To assess conceptual influence, we draw on criteria regularly used to assess the effectiveness of a science–policy interface—how credible, salient, and legitimate an interface is perceived to be (Cash et al. 2003). The Cash typology is regularly used to assess the science–policy interface and is similar to the criteria that Weiss (1977) used to assess enlightenment experienced by decision-makers (being the perceived technical quality, the relevance of research to policy, and the political acceptability of the research). Credibility refers to the degree to which policy makers consider the experiment authoritative and believable, and to the degree in which they trust the outcomes. It includes credibility of both the knowledge production processes and of the knowledge holders (Saarki et al. 2014). Salience refers to the perceived relevance of the experiment by decision-makers at a certain moment in time. It makes us aware of the relationship between expert knowledge and decision-making, emphasising that credibility alone is not going to improve political decisions (Cash et al. 2003).
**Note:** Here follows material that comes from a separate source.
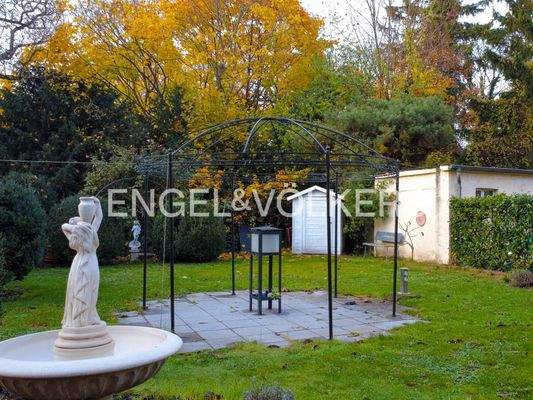 Anschauliche Pergola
The third criterion is legitimacy, which reflects the perception that the production of information has been respectful of stakeholders’ divergent values and beliefs, unbiased in its conduct, and fair in its treatment of views and interests. Legitimacy rests on how the choice was made to involve some actors and not others, and how information was produced and disseminated (Ibid.). The three criteria are summarised below (Table 1).
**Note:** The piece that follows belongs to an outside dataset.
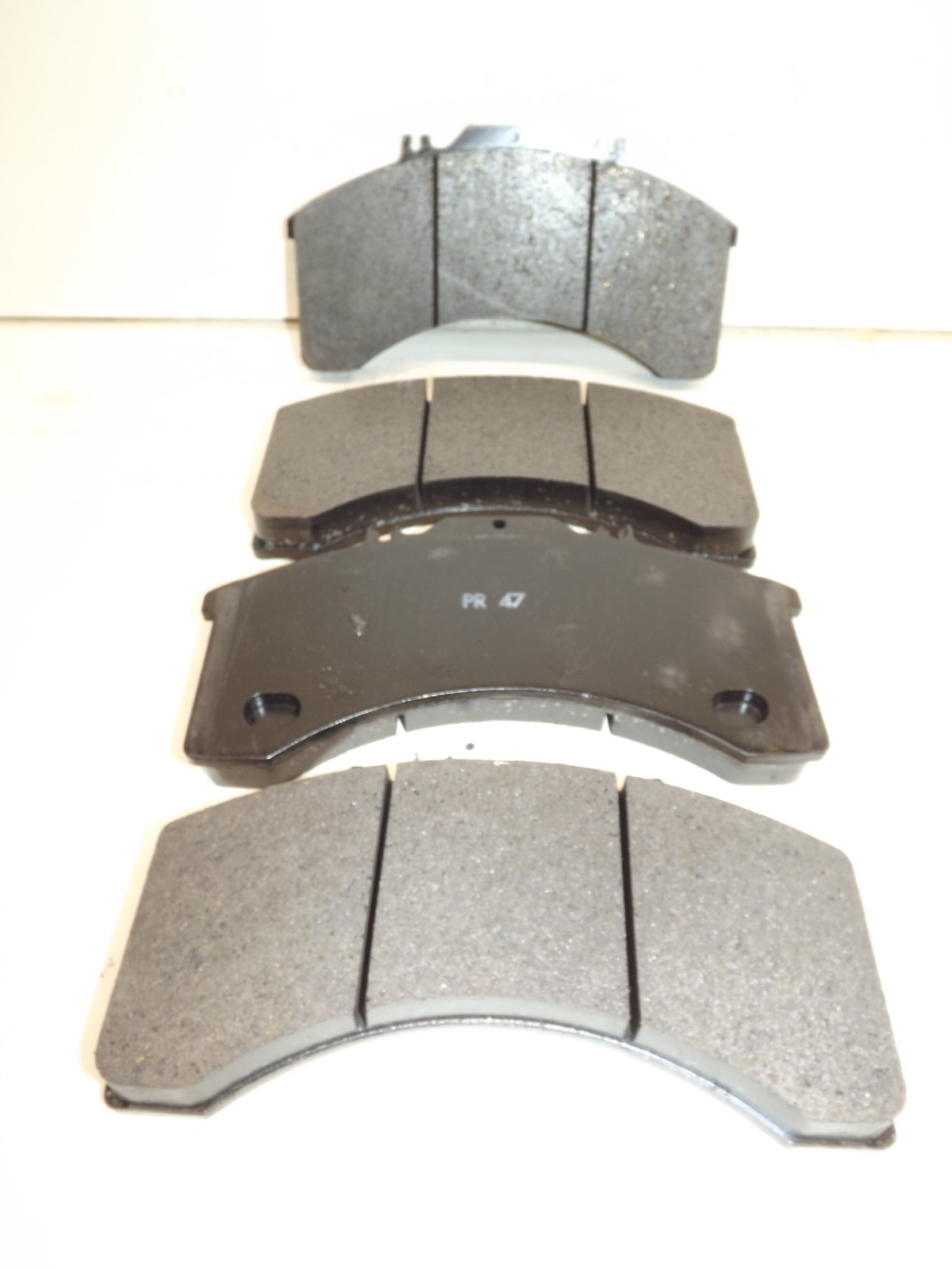 Brake Pad Set Disc Brake Fits Iveco Eurocargo Truck Brake Pads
Table 1 Three criteria measuring effectiveness, defined by Cash et al. (2003)
Typology of experiments
Studies have analysed experiments in terms of their characteristics (van der Heijden 2014), purpose (Ettelt et al. 2015), and implications for policy (Greenberg et al. 2003). Here, experiments are assessed in terms of how the organiser “sets” the experiment’s institutional rules, as described in the Institutional Analysis and Development Framework developed by Elinor Ostrom (2005). Ostrom uses the rules to describe an action situation, and they determine who is involved and who is excluded (boundary rules), how responsibilities are distributed (choice rules), what types of information are distributed, how regularly, and to whom (information rules), the extent of buy-in by participants (pay-off rules), and how decisions are made (aggregation rules).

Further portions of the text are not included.